Responsible Growth : Dans ce contexte, quelle place pour une entreprise réellement responsable ?
Eric Gaubert : Une entreprise réellement responsable doit être responsable envers ses clients, ses collaborateurs, ses fournisseurs, ses partenaires et enfin la planète. Tout cela doit s’accompagner de la définition et le suivi d’un code de conduite basé sur l’éthique financier, humain, commercial, réglementaire. Le mode de développement commercial des entreprises s’est toujours basé sur une croissance. Désormais il est important d’embarquer de nouveaux indicateurs avec une volonté ancrée de se réinventer dans un objectif de croissance vertueuse et respectueuse. L’émergence des entreprises à missions ont ouvert la voie en France notamment. Les entreprises responsables peuvent débuter par de la création de valeur à long terme en injectant des valeurs durables pour créer ou adapter des produits et des services à impact positifs. Illustrons ce point avec un exemple dans les services financiers. Une banque peut commercialiser un prêt immobilier avec des engagements de rénovation énergétique de la part du client et la compagnie d’assurance peut adjoindre l’assurance emprunteur pour accompagner le client tout au long du prêt dans un objectif de long terme.
Adaptabilité et innovation :Les entreprises responsables sont souvent plus ouvertes à l’innovation et à l’adaptation aux changements, ce qui leur permet de mieux naviguer dans un environnement incertain. Leur engagement envers la responsabilité sociale peut stimuler la créativité et encourager l’exploration de nouvelles solutions aux défis complexes.

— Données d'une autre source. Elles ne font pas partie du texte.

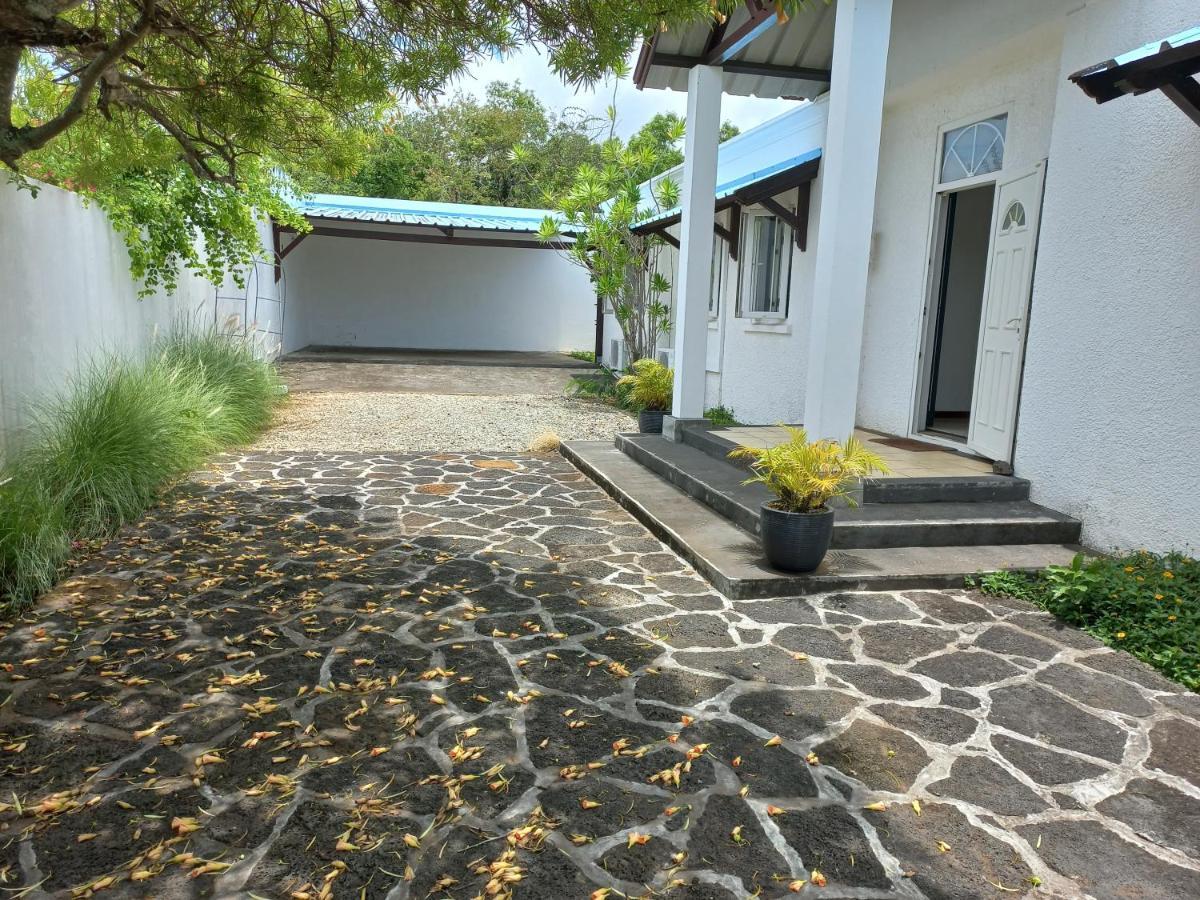 Villa L'Oiseau Bleu Pereybere Beach ภายนอก รูปภาพ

Avantages concurrentiels : être perçu comme une entreprise responsable peut constituer un avantage concurrentiel significatif, en attirant les clients soucieux de l’impact social et environnemental de leurs achats, en fidélisant les employés motivés par des valeurs éthiques et en attirant les investisseurs conscients des risques ESG (Environnementaux, Sociaux et de Gouvernance).